The solution is to manually manage your output redirection. This is a best practice you should adopt immediately.

nohup ./my-script.sh > /var/log/my-script.log 2>&1 &

Let’s break that down:

  • > /var/log/my-script.log: Redirects standard output to a specific, sensible log file.
  • 2>&1: This means “redirect file descriptor 2 (stderr) to wherever file descriptor 1 (stdout) is currently going.” So both stdout and stderr go to the same log file. If you want them separate, you can do 2> error.log.

This gives you clean, predictable logging and avoids the nohup.out pile-up.

nohup’s Quirks and Limitations

nohup is a brilliant old tool, but it has some rough edges. It’s our job to acknowledge them.

  • It’s Not a Session Manager. This is the big one. nohup protects the process from SIGHUP, but it doesn’t magically re-parent it to init (PID 1) like a proper daemon. If your process is sensitive to its parent dying (e.g., it’s a shell script that might try to communicate with the shell that started it), you might see odd behavior. For truly robust backgrounding, nohup is often just the first step paired with disown (a shell builtin that removes the job from the shell’s job table) or better yet, a full terminal multiplexer like tmux.
  • Input is Ignored. The message says “ignoring input” for a reason. If your script prompts a user for input, it will immediately hit an end-of-file and likely fail. nohup is only for non-interactive, fire-and-forget commands.
  • The nohup.out Default. We’ve already covered this, but it bears repeating: relying on the default nohup.out is for amateurs. Be explicit.

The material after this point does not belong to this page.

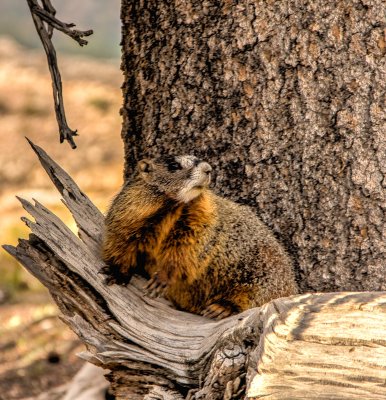 15-08 Marmot (Murmeltier).jpg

The nohup && disown One-Two Punch

So you started a job without nohup and suddenly realize you need to log out. Panic? Nah. Your shell probably has you covered with disown.

First, background the running job if it’s not already: press Ctrl+Z to suspend it, then type bg to resume it in the background. Or, if it’s already running, just use bg.

Then, use the disown command to sever the tie between the job and your shell.

$ ./massive-job.sh
# ...oops, I need to leave. Ctrl+Z to suspend.
[1]+  Stopped                 ./massive-job.sh
$ bg
[1]+ ./massive-job.sh &
$ disown %1

Now that job is no longer on your shell’s guest list and won’t receive the SIGHUP. You can combine this with nohup for a belt-and-suspenders approach: start with nohup, background it, and then disown it to be extra sure. It’s a bit redundant, but it works.

In the end, nohup is a venerable and incredibly useful tool. It’s the quickest way to make a process stubborn enough to survive your departure. Just remember its limitations, always manage your own logging, and know that for truly complex operations, you’ll eventually want to graduate to a tool like tmux or systemd services. But for a quick fix? nohup is your old reliable friend.